[Haskell-cafe] Efficient way to break up a lazy bytestring

Fri Dec 29 21:32:26 EST 2006

> breakUp s
> 	| L.null s = []
> 	| otherwise = h:(breakUp r) where
> 		(h,r) = L.splitAt 72 s
> 
> Running this on the 2G file blows up the stack pretty quickly, taking  
> the first 1 million records (there are 20M of them) with a big stack  
> parameter gives about 25% productivity, with GC taking the other 75%.
> 
> My understanding is that while this looks tail recursive, it isn't  
> really because of laziness.  I've tried throwing seq operators  
> around, but they don't seem to do much to help the efficiency.

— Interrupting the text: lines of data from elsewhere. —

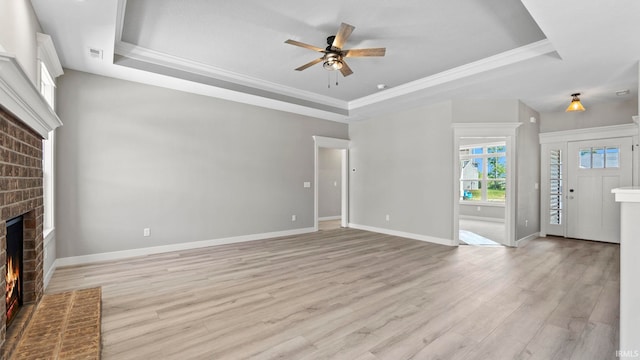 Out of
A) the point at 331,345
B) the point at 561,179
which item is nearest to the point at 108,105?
the point at 331,345

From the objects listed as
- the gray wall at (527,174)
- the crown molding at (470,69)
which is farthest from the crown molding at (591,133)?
the crown molding at (470,69)

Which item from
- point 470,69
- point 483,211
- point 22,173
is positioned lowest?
point 483,211

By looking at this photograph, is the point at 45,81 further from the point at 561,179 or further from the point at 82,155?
the point at 561,179

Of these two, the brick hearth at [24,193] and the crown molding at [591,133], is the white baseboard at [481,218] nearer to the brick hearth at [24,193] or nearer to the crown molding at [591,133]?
the crown molding at [591,133]

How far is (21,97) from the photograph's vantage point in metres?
1.75

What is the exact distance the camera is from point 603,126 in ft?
17.7

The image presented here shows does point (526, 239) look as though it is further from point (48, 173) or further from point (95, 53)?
point (48, 173)

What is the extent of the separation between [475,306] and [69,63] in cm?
539

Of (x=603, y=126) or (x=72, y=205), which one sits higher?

This function by itself doesn't really have any particular behaviour
with respect to stack and heap usage, since it is just a linear mapping
from one lazy sequence to another. To understand the stack blowout,
you'll need to look at what you are doing with the result of this
function.

For example, a foldl over the result might be building a big thunk on
the heap, which could blow the stack when evaluated*. If this is the
case, you might avoid building the big thunk by using foldl', a version
of foldl which evaluates as it folds.

Invoking GHC with optimisation might also help, since the strictness
evaluator can often do the equivalent of converting foldl to foldl' at
the appropriate places.

Have you looked at the Performance pages on the Wiki, in particular, the
Strictness and Laziness pages?

http://www.haskell.org/haskellwiki/Performance

In my (limited) Haskell experience, I was continually being surprised by
inexplicable stack blowouts until I spent a little time doing some
focussed experiments, mainly involving folds over large lists. If you
haven't done that, I would recommend it.

* - Note that foldl is tail recursive, so clearly tail recursion doesn't
necessarily result in a well-behaved loop in a lazy implementation!